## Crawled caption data
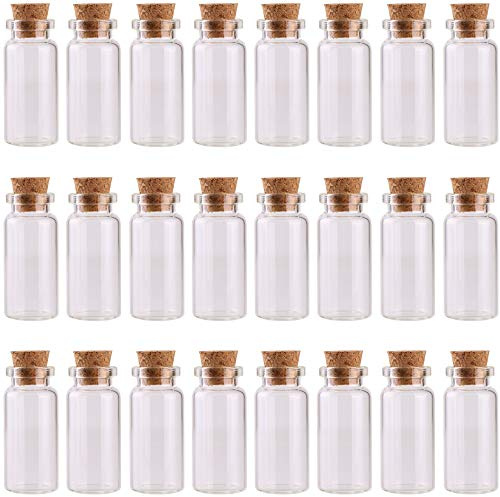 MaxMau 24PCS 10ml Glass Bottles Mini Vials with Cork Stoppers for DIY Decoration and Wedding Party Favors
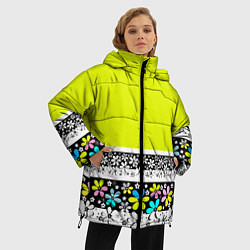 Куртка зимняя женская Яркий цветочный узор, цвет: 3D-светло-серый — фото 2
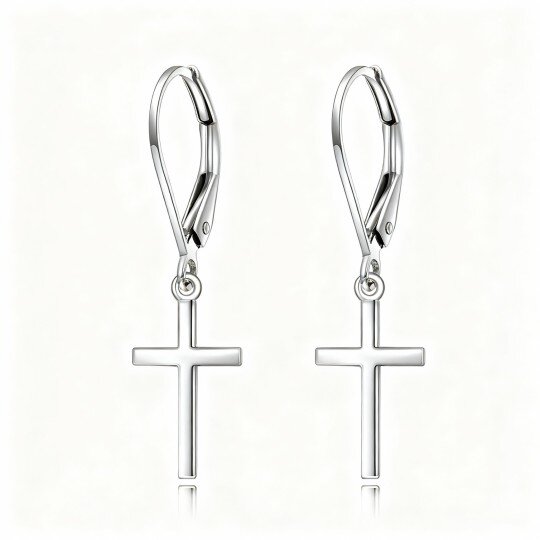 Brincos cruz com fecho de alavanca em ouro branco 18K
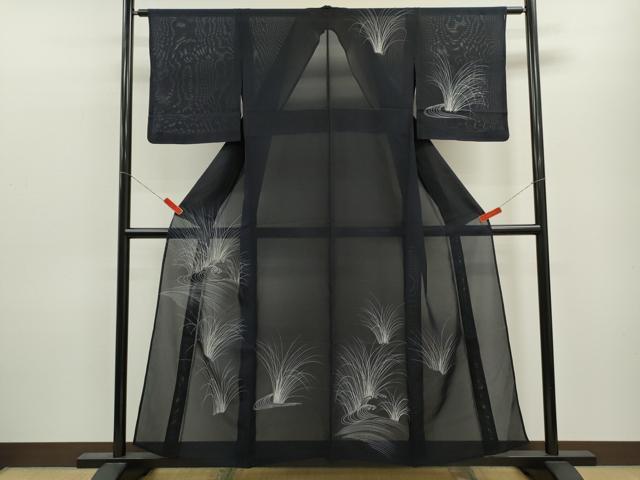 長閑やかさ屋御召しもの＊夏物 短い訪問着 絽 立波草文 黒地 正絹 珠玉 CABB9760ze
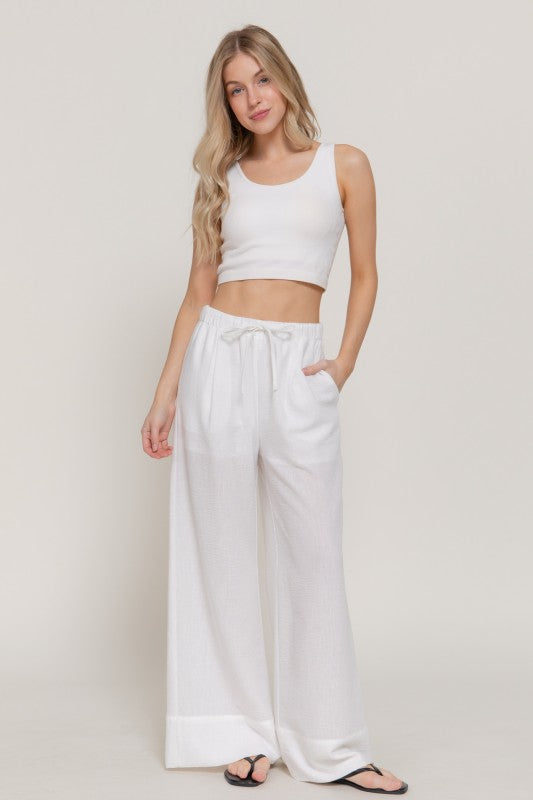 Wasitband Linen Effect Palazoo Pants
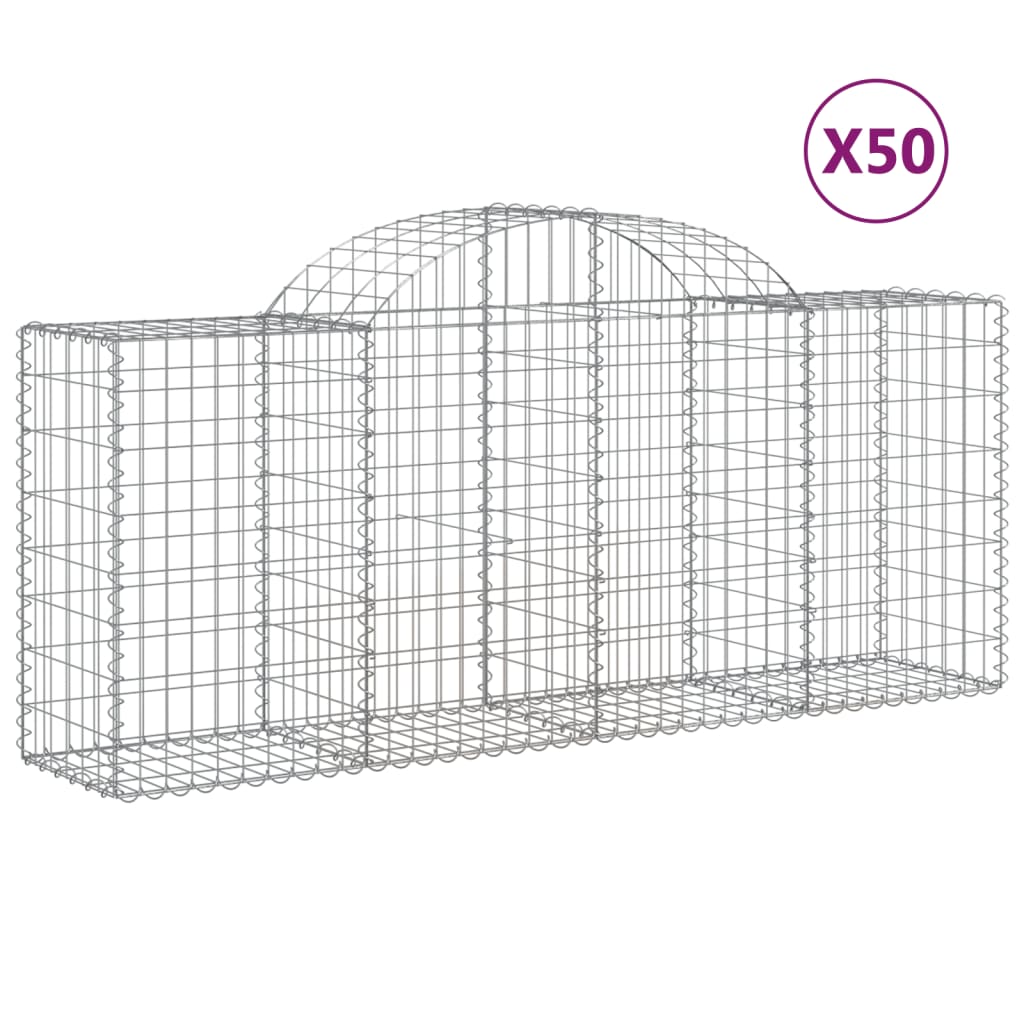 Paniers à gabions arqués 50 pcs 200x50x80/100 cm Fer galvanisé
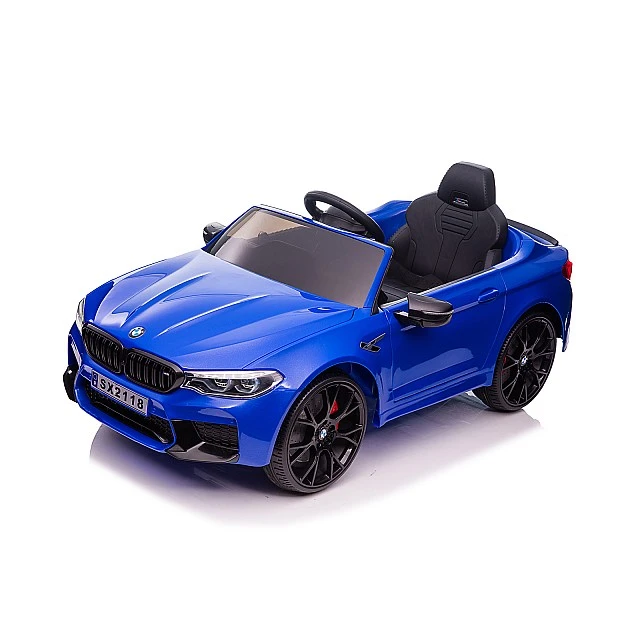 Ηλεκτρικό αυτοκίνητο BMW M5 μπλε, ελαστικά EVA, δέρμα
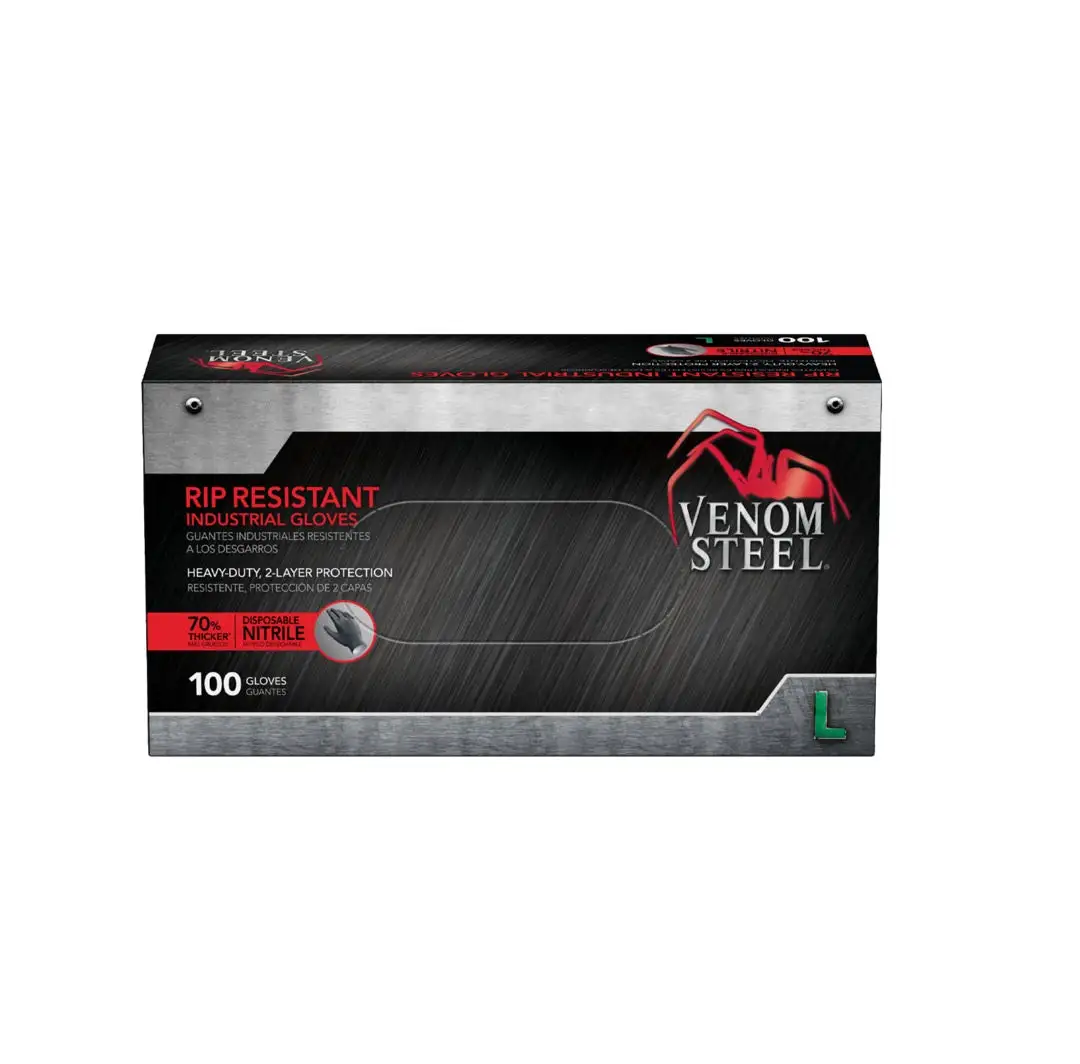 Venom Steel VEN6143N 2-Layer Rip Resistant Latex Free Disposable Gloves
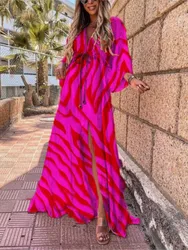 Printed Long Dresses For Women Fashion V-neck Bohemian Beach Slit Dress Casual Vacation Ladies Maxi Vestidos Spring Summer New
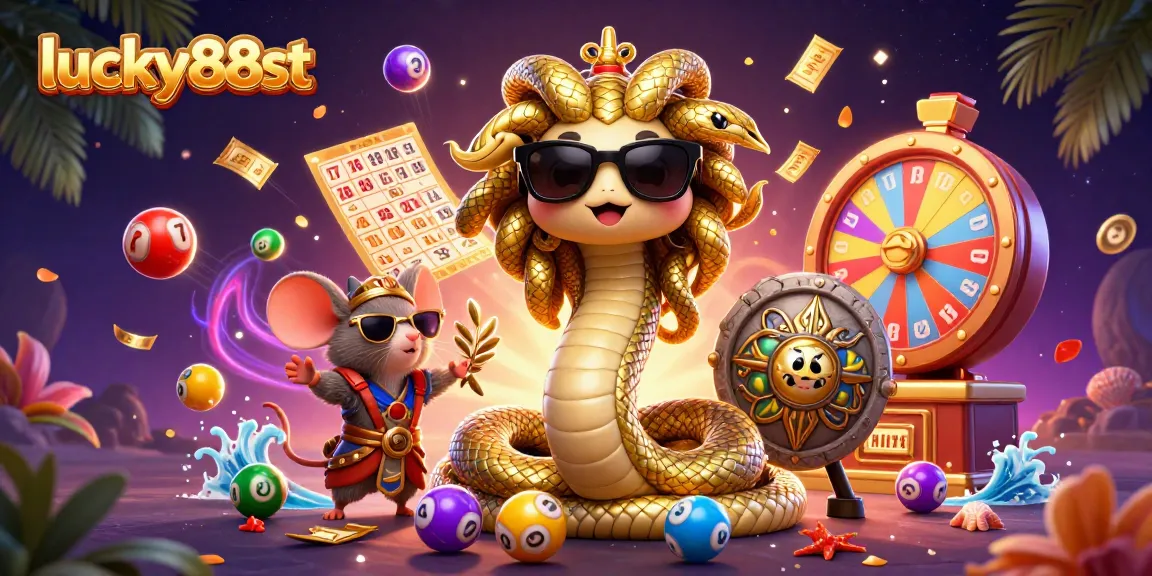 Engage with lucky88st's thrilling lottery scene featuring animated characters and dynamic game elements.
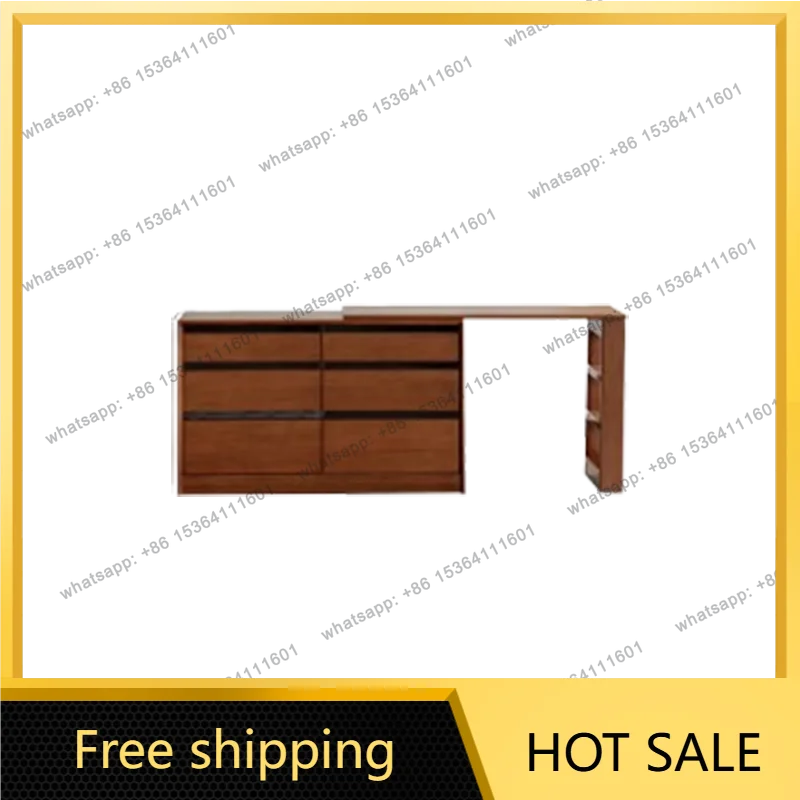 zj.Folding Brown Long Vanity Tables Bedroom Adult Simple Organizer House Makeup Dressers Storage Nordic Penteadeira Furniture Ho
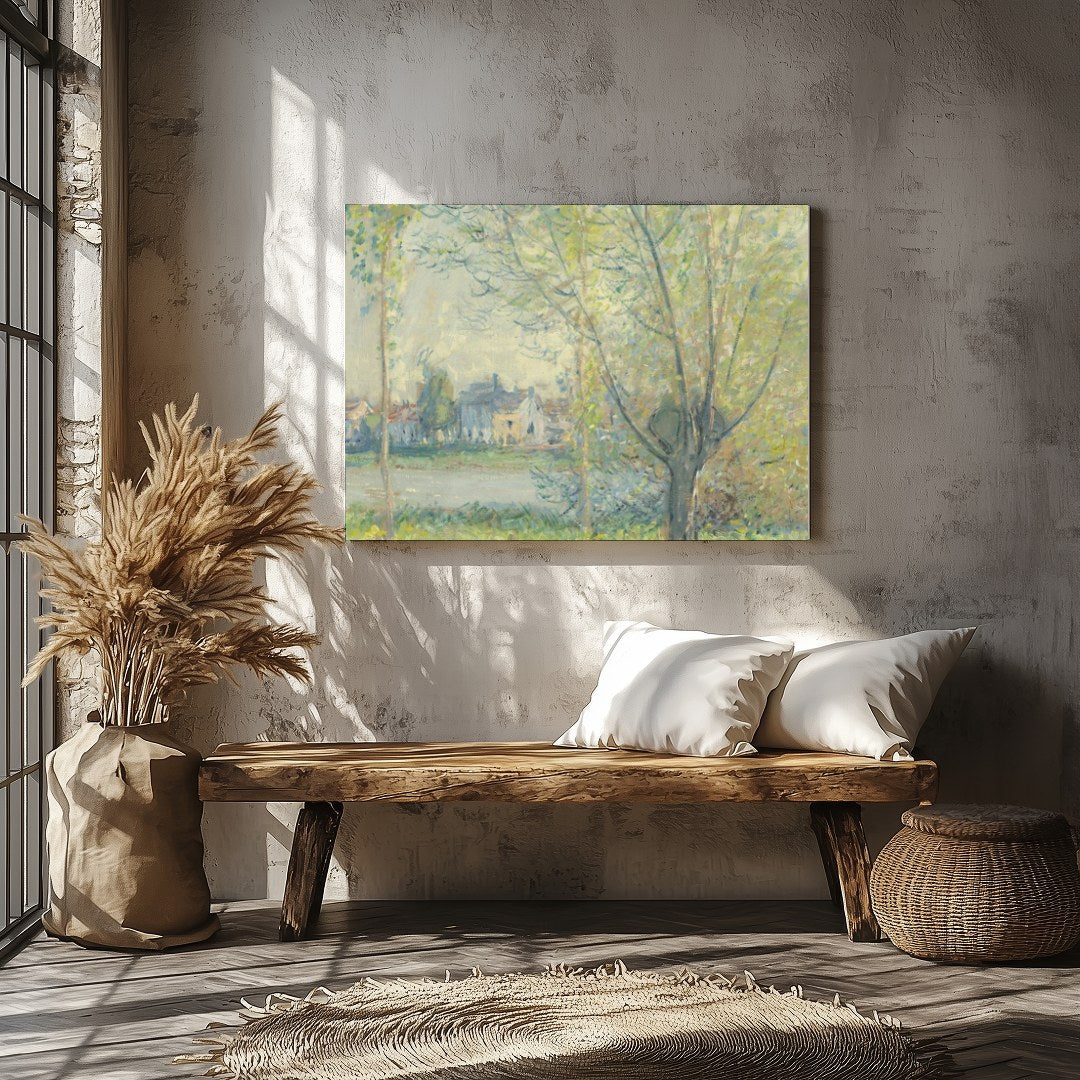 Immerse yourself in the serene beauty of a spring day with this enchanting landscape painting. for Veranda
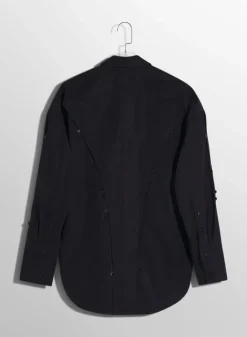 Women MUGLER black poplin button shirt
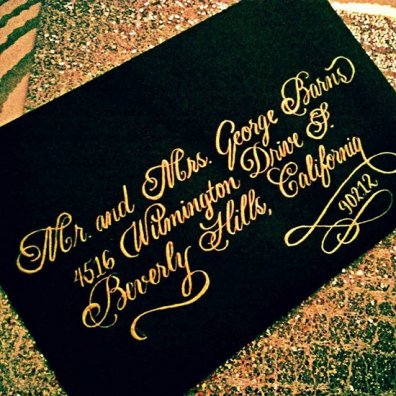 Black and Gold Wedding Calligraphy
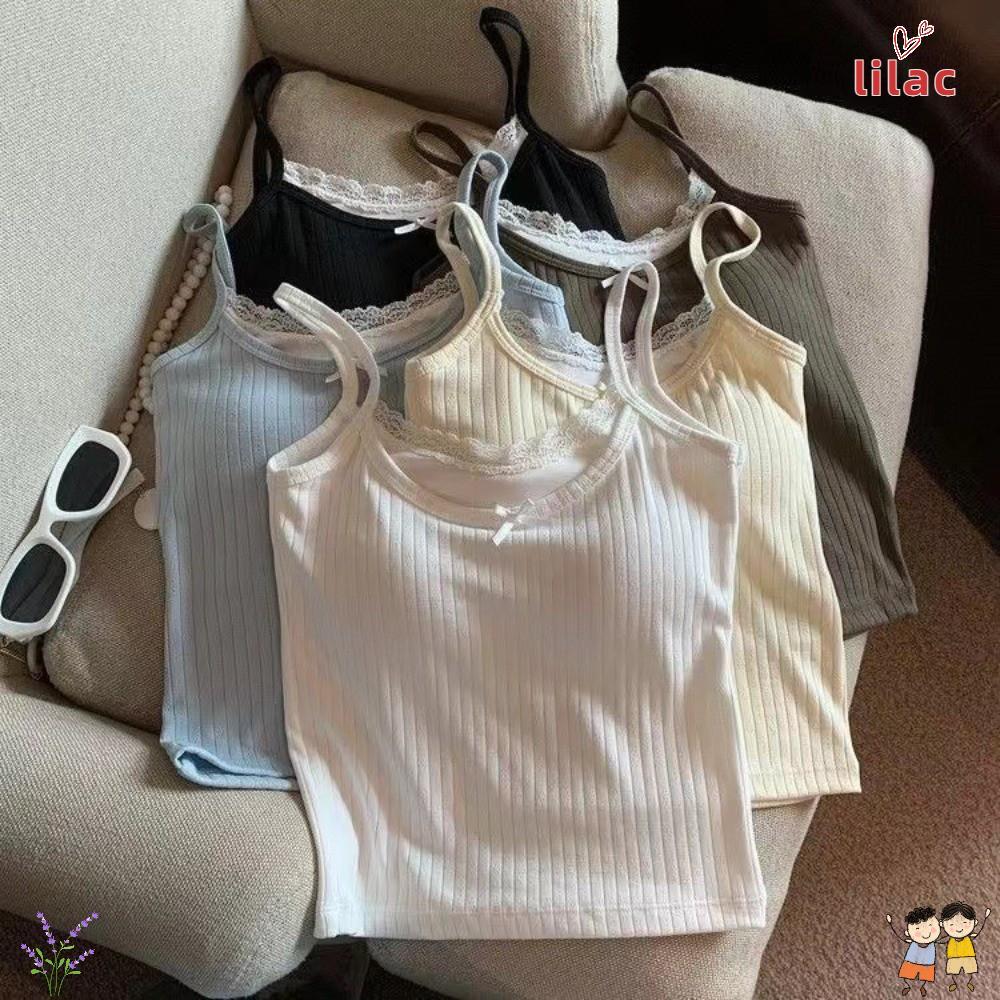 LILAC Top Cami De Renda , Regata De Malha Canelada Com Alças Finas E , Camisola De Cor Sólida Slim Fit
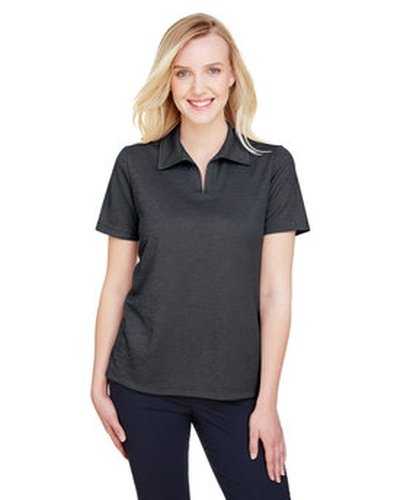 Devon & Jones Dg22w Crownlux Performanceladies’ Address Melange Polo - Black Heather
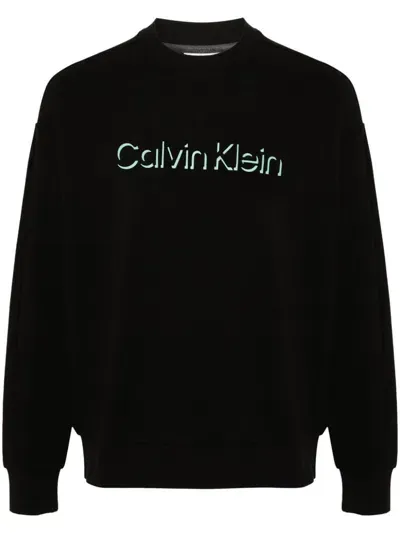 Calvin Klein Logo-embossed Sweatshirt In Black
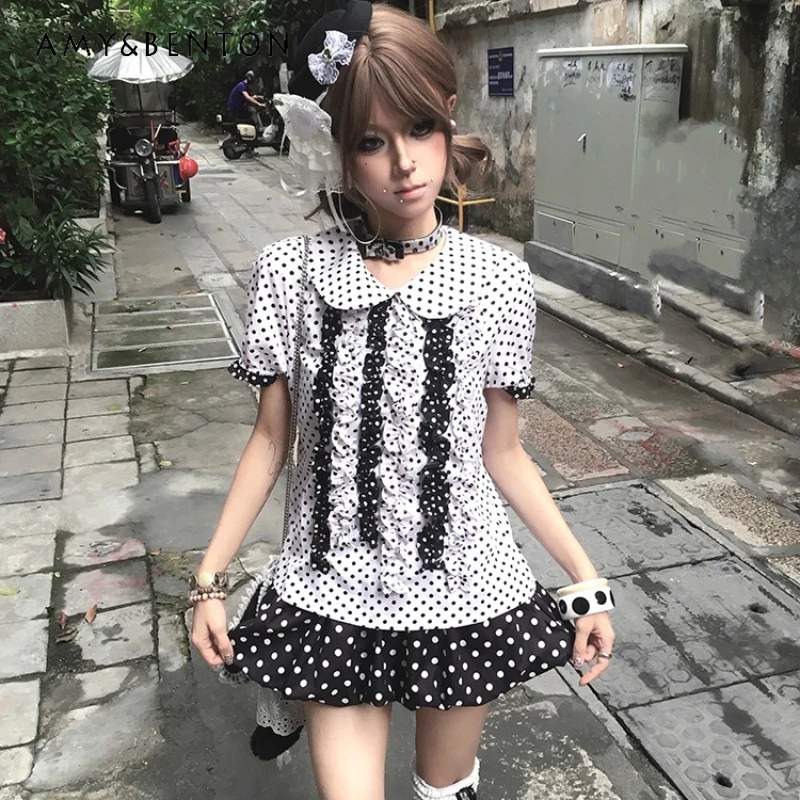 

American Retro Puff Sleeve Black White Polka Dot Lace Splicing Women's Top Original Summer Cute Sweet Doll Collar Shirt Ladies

## Your task
Without including any picture, print all of the entries above exactly.

## Answer section
 MaxMau 24PCS 10ml Glass Bottles Mini Vials with Cork Stoppers for DIY Decoration and Wedding Party Favors
 Куртка зимняя женская Яркий цветочный узор, цвет: 3D-светло-серый — фото 2
 Brincos cruz com fecho de alavanca em ouro branco 18K
 長閑やかさ屋御召しもの＊夏物 短い訪問着 絽 立波草文 黒地 正絹 珠玉 CABB9760ze
 Wasitband Linen Effect Palazoo Pants
 Paniers à gabions arqués 50 pcs 200x50x80/100 cm Fer galvanisé
 Ηλεκτρικό αυτοκίνητο BMW M5 μπλε, ελαστικά EVA, δέρμα
 Venom Steel VEN6143N 2-Layer Rip Resistant Latex Free Disposable Gloves
 Printed Long Dresses For Women Fashion V-neck Bohemian Beach Slit Dress Casual Vacation Ladies Maxi Vestidos Spring Summer New
 Engage with lucky88st's thrilling lottery scene featuring animated characters and dynamic game elements.
 zj.Folding Brown Long Vanity Tables Bedroom Adult Simple Organizer House Makeup Dressers Storage Nordic Penteadeira Furniture Ho
 Immerse yourself in the serene beauty of a spring day with this enchanting landscape painting. for Veranda
 Women MUGLER black poplin button shirt
 Black and Gold Wedding Calligraphy
 LILAC Top Cami De Renda , Regata De Malha Canelada Com Alças Finas E , Camisola De Cor Sólida Slim Fit
 Devon & Jones Dg22w Crownlux Performanceladies’ Address Melange Polo - Black Heather
 Calvin Klein Logo-embossed Sweatshirt In Black

American Retro Puff Sleeve Black White Polka Dot Lace Splicing Women's Top Original Summer Cute Sweet Doll Collar Shirt Ladies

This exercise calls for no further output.